Harris will take part by video in a roundtable on Tuesday with Guatemalan community organizations and discuss ‘solutions to root causes of migration,’ Sanders said.
A White House official said that additionally Harris ‘will travel to the region in June.’
The schedule raises the profile of Harris on one of the toughest-to-resolve issues facing the new Biden administration.
Unlike Republican Donald Trump, who emphasized physically stopping would-be immigrants from crossing the border, US President Joe Biden and Vice President Kamala Harris have pledged to help regional governments address the poverty and violence driving people to make the difficult journey north in the first place.
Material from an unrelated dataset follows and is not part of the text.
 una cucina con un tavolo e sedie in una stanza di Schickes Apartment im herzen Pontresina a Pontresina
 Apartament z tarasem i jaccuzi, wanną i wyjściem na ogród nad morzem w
Arizona Attorney General Mark Brnovich invited the Vice President on a tour of the border this month in a letter.
A makeshift camp of migrants sits at the border port of entry leading to the United States in Mexico
He wrote: ‘Recently, you stated, ‘You have to see and smell and feel the circumstances of people to really understand them.’ With that in mind, I formally invite you to join me for a tour of the southwest border in Arizona later this month.
‘It will provide firsthand insight into what Arizonans, law enforcement officials and migrants are experiencing. I will make myself available any day of your choosing.’
Shortly after her appointment, Arizona Gov. Doug Ducey also branded Harris ‘the worst possible choice’ to lead the border team, saying Biden had ‘completely trivialized the issue by putting someone in charge who flat out just doesn’t care’.
Ted Cruz added ‘she is not going to be able to solve this crisis’, branding it Biden’s ‘biggest political mess’.
Biden initially said his vice president would be in charge of returning migrants to their home countries in her new role.
He said: ‘The vice president has agreed… to lead our diplomatic effort and work with those nations to accept the returnees, and enhance migration enforcement at their borders.’
The White House later claimed Harris was not directly involved with the border crisis but was instead addressing its ‘root causes’.